Here I demonstrate model reduction on a parameterized system of linear equations, compressing the system from its original size of `16384`

rows and columns to a mere `20`

rows while still recovering useful accuracy. Model reduction makes it possible to take an otherwise expensive problem, like solving a large sparse linear system, and compress it to a much smaller and cheaper version. This has most utility for situations where one must solve the expensive problem repeatedly but for many parameter values (e.g. in a Monte Carlo simulation).

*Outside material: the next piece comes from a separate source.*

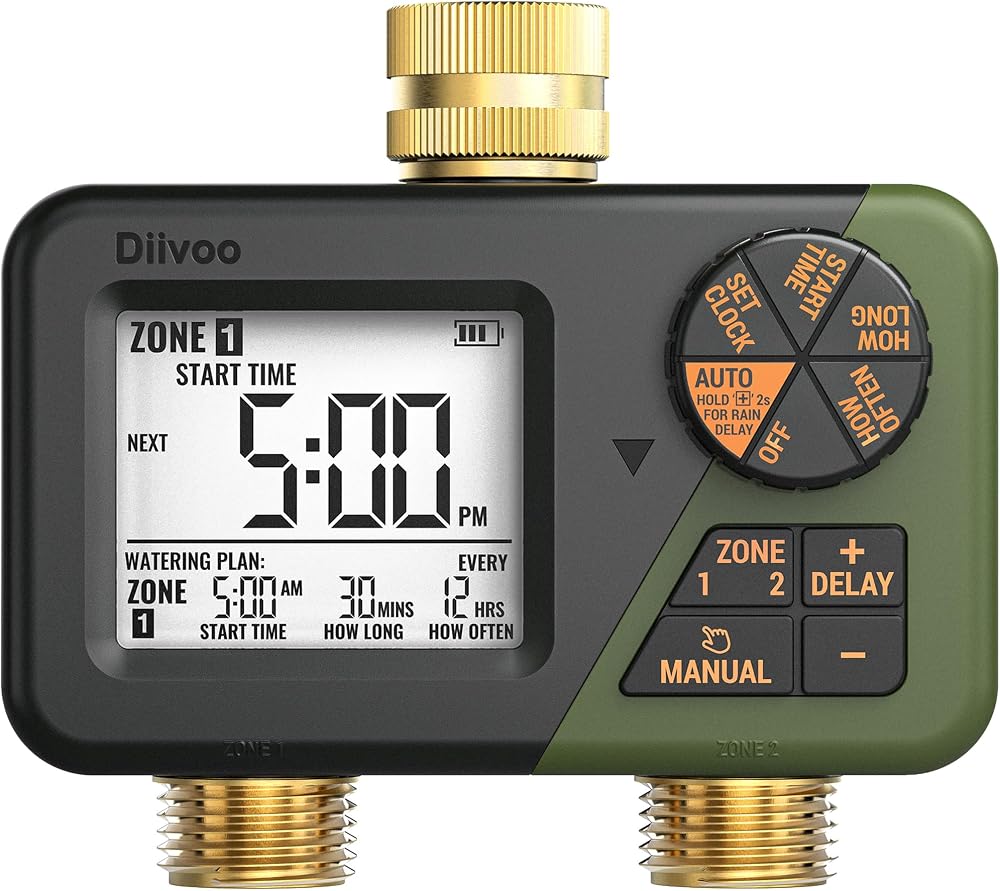 Diivoo 2 Zone Water Timer for Garden Hose Brass Inlet & Outlet IP67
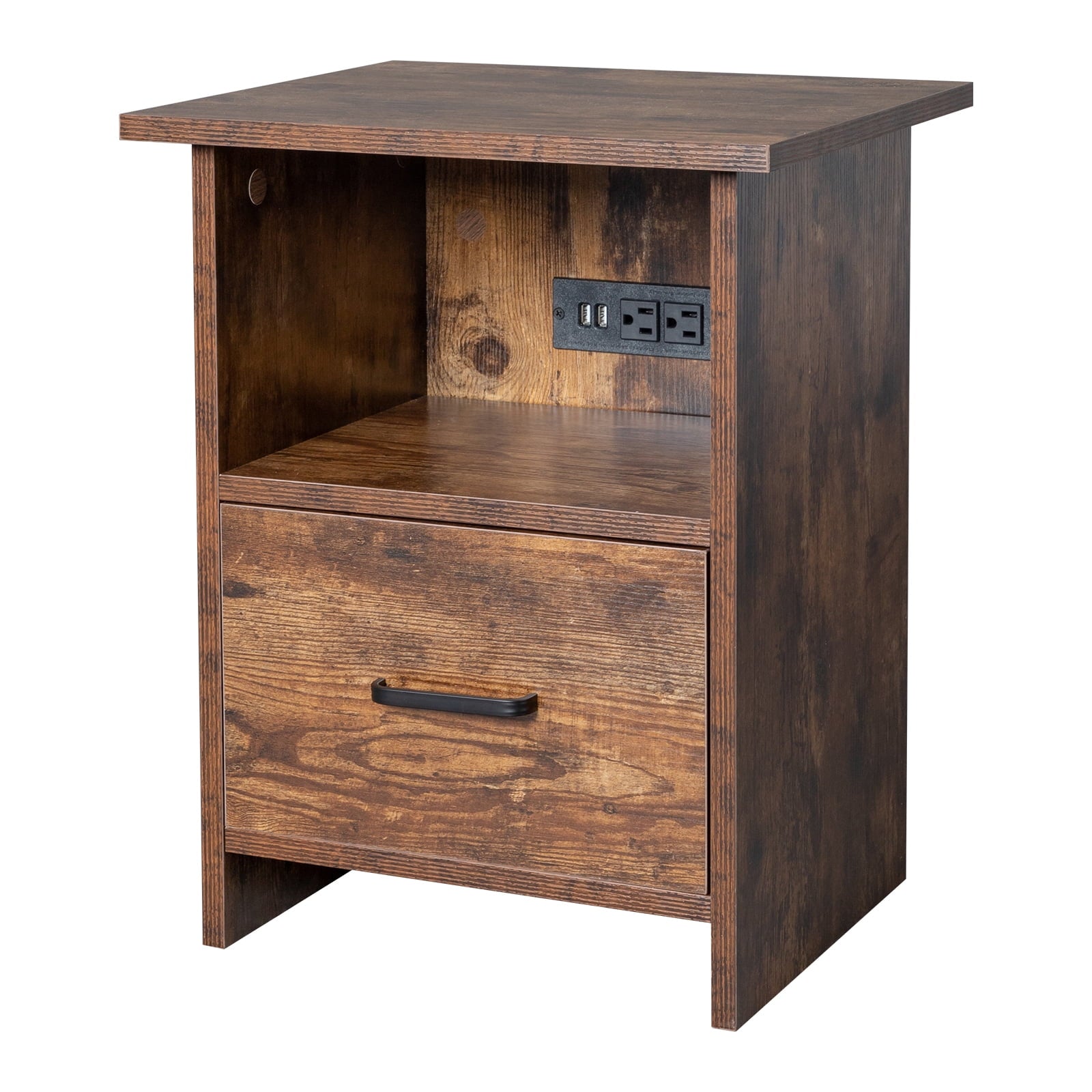 Ktaxon Side Table with Charging Station, End Table with USB Ports and Outlets, Nightstand for Living Room, Bedroom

\(\newcommand{\norm}[1]{\left\lVert#1\right\rVert}\)

I define the parameterized system \( \mathbf{A}(\mathbf{\mu})\mathbf{x} = \mathbf{b} \) as follows:

\begin{align} (\mathbf{A}(\mathbf{\mu})\mathbf{z}) _ {i,j} = 4( \mu _ 0 + \mu _ 1 x _ {i,j} + \mu _ 2 y _ {i,j} + \mu _ 3 x _ {i,j} y _ {i,j} + \mu _ 4 x _ {i,j}^2 + \mu _ 5 y _ {i,j}^2 ) z _ {i,j} - z _ {i-1,j} - z _ {i+1,j} - z _ {i,j-1} - z _ {i,j+1} \end{align}

for \( i=0,\ldots,m_x\), \(j=0,\ldots, m_y \) and \( x _ {i,j}, y _ {i,j} \in [0,1] \times [0,1] \) are equally spaced samples. The parameters are all in the interval \( [-1,-0.01] \).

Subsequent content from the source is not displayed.